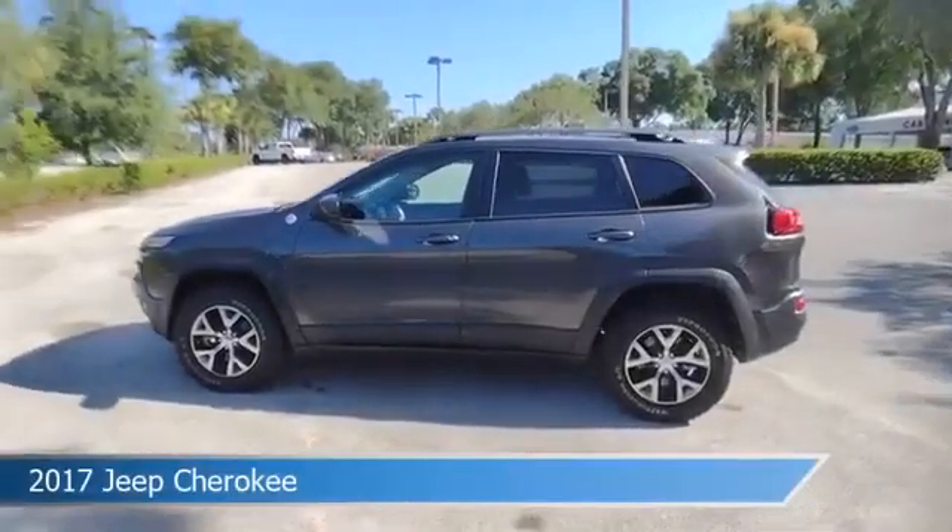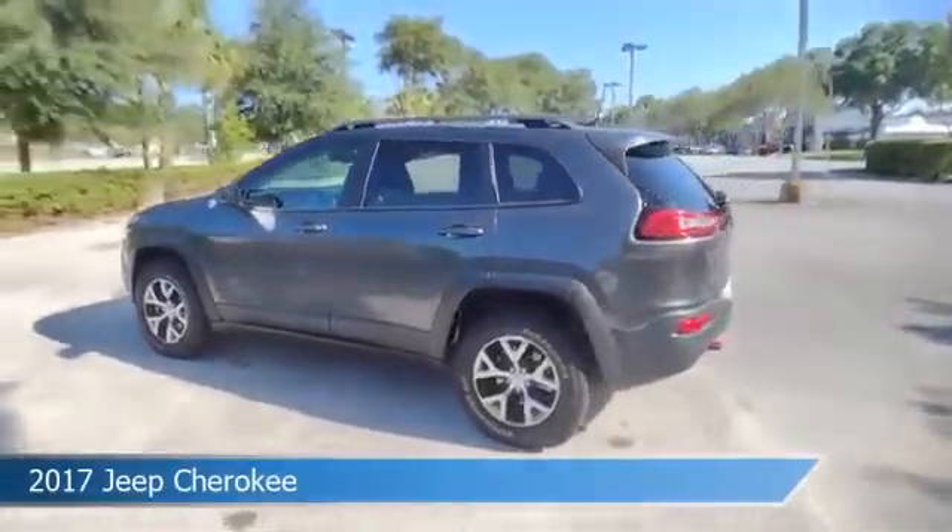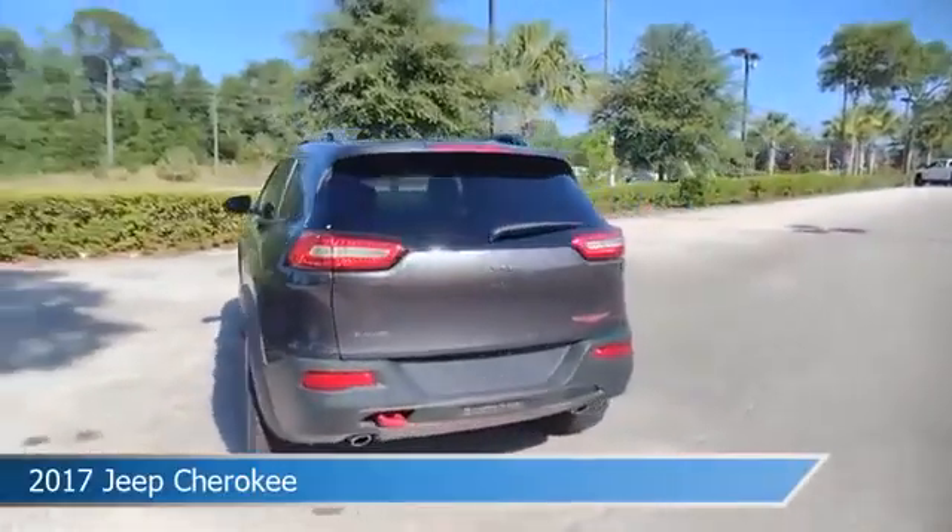Take a look at this 2017 Jeep Cherokee, equipped with an automatic transmission in granite crystal metallic clear coat.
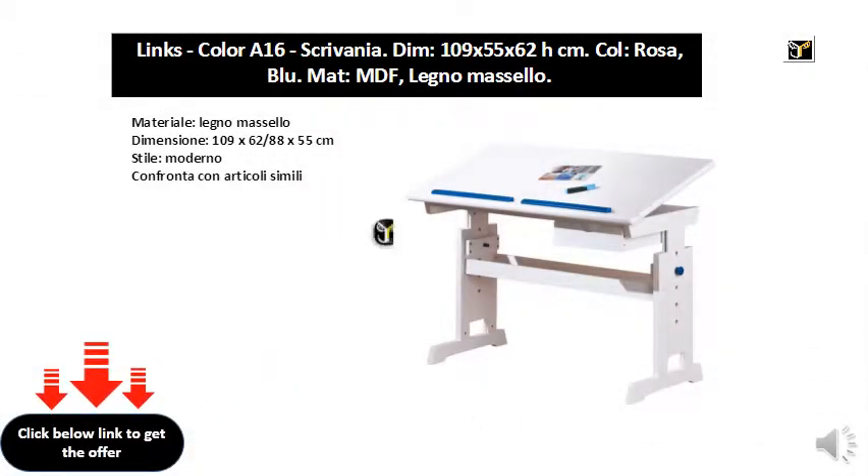Material: solid wood. Size: 109 x 62 over 88 x 55 cm. Style: modern.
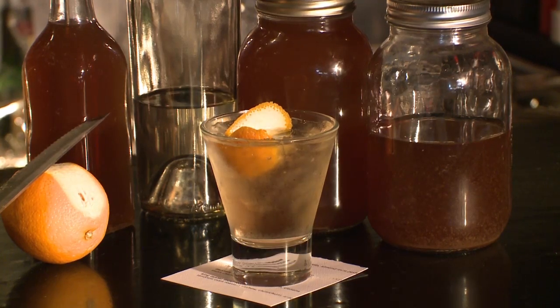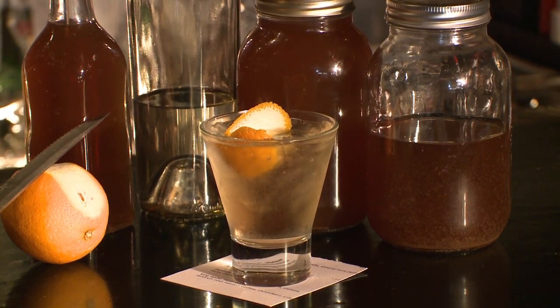Speaking of those infused flavors, you actually entered a cocktail in the Centennial Cocktail Contest the ACBB had. I did a gin with grapefruit, lime, and basil, and then made house-made bitters and vermouth to go with it. It's fantastic. Absolutely.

Task directions
Images are to be skipped, and each line above is to be returned exactly.

Task output
Take a look at this 2017 Jeep Cherokee, equipped with an automatic transmission in granite crystal metallic clear coat.
Material: solid wood. Size: 109 x 62 over 88 x 55 cm. Style: modern.
Speaking of those infused flavors, you actually entered a cocktail in the Centennial Cocktail Contest the ACBB had. I did a gin with grapefruit, lime, and basil, and then made house-made bitters and vermouth to go with it. It's fantastic. Absolutely.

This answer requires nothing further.